To End Rape, Athletes Need to Speak Out — And to Each Other
There's been no shortage of rapes reported since Steubenville, including other cases involving athletes from Ohio to Los Angeles. And since the trial, there's been no lack of discussion since on how to change the violent culture we live in. I, for example, organized online with the support of over 65,000 people (and the massive power of SPARK) for the wider education of coaches. Thousands of others stood up to media outlets apologizing for and glorifying rape. Each action, it seemed, revolved around the idea that our larger culture had the responsibility to influence our athletic subculture, and that no time was more perfect than the present to begin trying in earnest.

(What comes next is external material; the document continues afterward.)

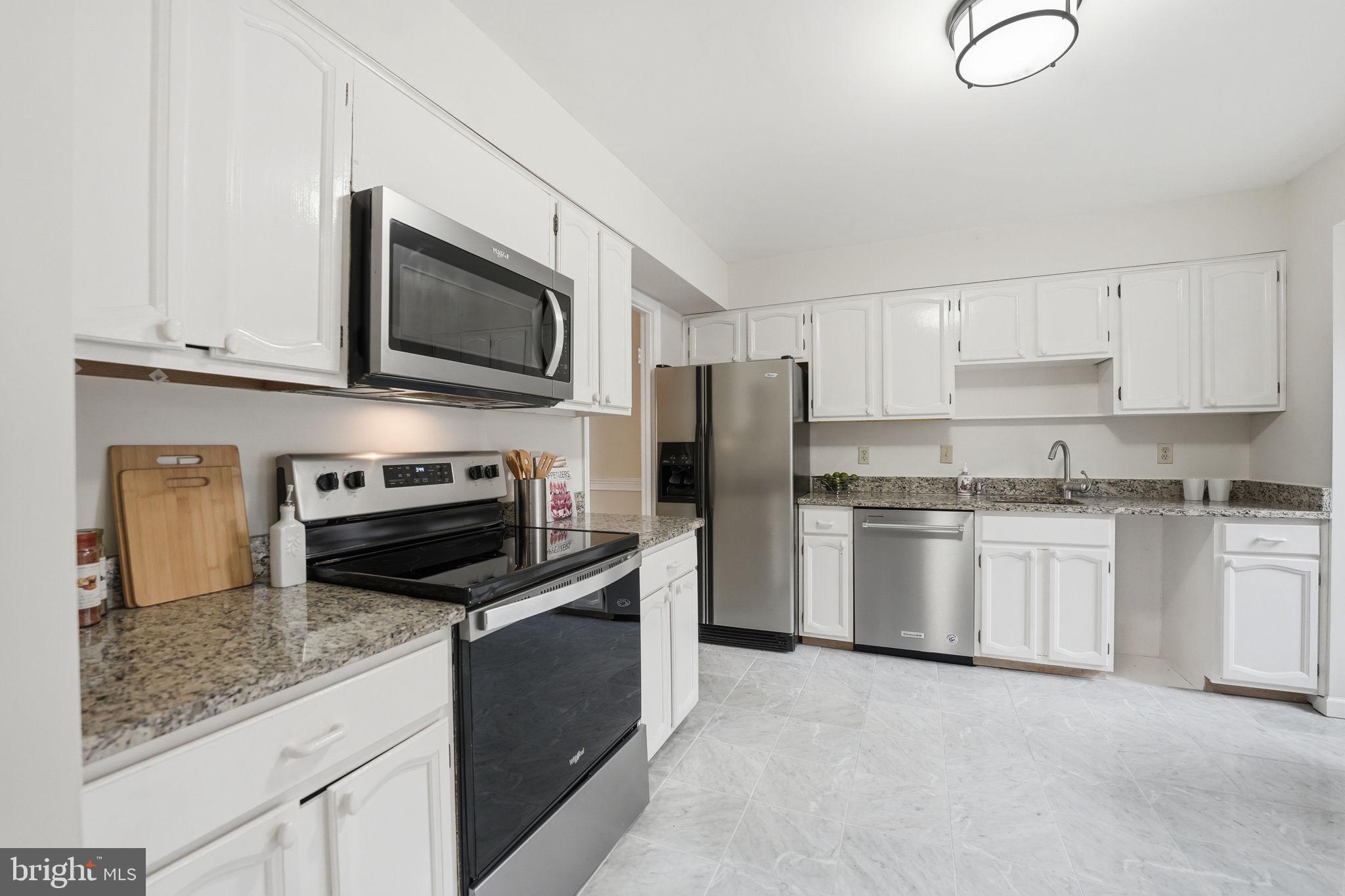 8967 Omega Court Springfield, VA 22152 - Photo 7 of 31 a kitchen with refrigerator a microwave a stove and cabinets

But what about the athletes themselves?
Dave Zirin, sports writer for The Nation, spoke out recently about pro sports and its role in ending rape. Calling on professional athletes to take care of their own community and take action against the endemic of sexism and misogyny in their locker rooms, he cited victims of violence like Kassandra Perkins (killed by Kansas City Chiefs player Jovan Belcher), Lizzy Seeberg (who reported a rape by Notre Dame's football players, and then committed suicide), and the countless other women assaulted and beaten by individual and groups of team members from varying sports at varying levels across the country every day.
"The NFL, NHL, NBA and Major League Baseball — for starters — should see part of their mission as using the influence and power of sports to reshape a jock culture that treats women like they are the spoils of athletic supremacy," Zirin states.

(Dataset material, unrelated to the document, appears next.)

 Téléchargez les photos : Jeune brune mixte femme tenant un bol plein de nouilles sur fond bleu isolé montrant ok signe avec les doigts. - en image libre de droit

"They should be appalled by the glaring connective tissue between sports and rape culture in Steubenville, Ohio, South Bend, Indiana, and now Torrington, Connecticut. They should be especially devastated that the hero worship of athletes meant that the alleged and convicted perpetrators of sexual violence are defended by many of their coaches and peers. They should recoil that survivors who accuse athletes of sexual violence are blamed and then become threatened with more violence for daring to step forward."
The "connective tissue" he focuses on is very real. Various academic studies have found that male homosocial bonding that which occurs frequently in sports, fraternal life, and other female-excluding dude-on-dude cultures of male friendship and man-driven groupthink is one of the largest components of our rape culture. Men rape because they think they won't get caught — or better, because they think that when they do, they'll have a crew to back them up. And typically, men in sports are among the most comfortable making that assumption.

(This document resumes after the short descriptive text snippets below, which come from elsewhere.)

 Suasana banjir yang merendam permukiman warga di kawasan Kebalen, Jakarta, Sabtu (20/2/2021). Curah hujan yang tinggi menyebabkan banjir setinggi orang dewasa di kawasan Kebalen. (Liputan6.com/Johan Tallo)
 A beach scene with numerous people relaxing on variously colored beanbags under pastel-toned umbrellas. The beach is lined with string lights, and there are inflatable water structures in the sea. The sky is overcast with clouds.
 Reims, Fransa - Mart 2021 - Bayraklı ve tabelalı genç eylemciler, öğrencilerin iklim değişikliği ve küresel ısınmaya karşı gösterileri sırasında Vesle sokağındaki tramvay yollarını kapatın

Look at Steubenville, where an entire community mourned the football careers of two rapists. Look at Penn State, where the vilification of justice was paramount. We live in a world where rape victims face hostility every day for being willing and able to speak out about the atrocities committed against them. And we live in a world where athletes are some of the most commonly defended rapists of them all.
Athletes themselves must commit to ending rape culture. They are the target audience of the work being done after Steubenville, and the work being done before and after to stop rape across campuses and communities in the U.S. Education is meant, as an advocacy strategy, to provide athletes with the means to speak to one another and their larger communities about violence against women; action around the media is intended to send them a message about their own actions, and how socially intolerable they truly are. But the bottom line remains the same: In order for the rampant misogyny embedded in sports culture to change, athletes need to be on board.
The number of boys participating in high school sports has been steadily rising since the 1980s. (As of 2008, football was the most popular, with over 1 million boys participating.) The interest rarely fades, though. Football is watched by over half of the population and almost 3/4 of men in this country. There's a huge learning opportunity present here —a huge audience and a huge number of players in one place, consistently.
But the opportunity for growth has, for the most part, been wasted. Statistics show that although white male athletes comprise 3.3%of the general population, they make up 19% of accused rapists and 35% of domestic violence perpetrators. Male athletes, emblazoned with the support of their peers, may even participate in gang rapes and other forms of communal assault. Yet despite a general conviction rate of 80%, athletes come in at a low 38.
With sports being at the focal point of our culture's communal masculinity, time is being wasted each moment that athletes refuse to take action. With a captive audience and the inherent responsibility to lead by example, it's no longer possible for us to stand idly by as they encourage and incite violence against women. Athletes are a major part of the equation to end rape culture, and we as a united community against violence should be able to call them our allies.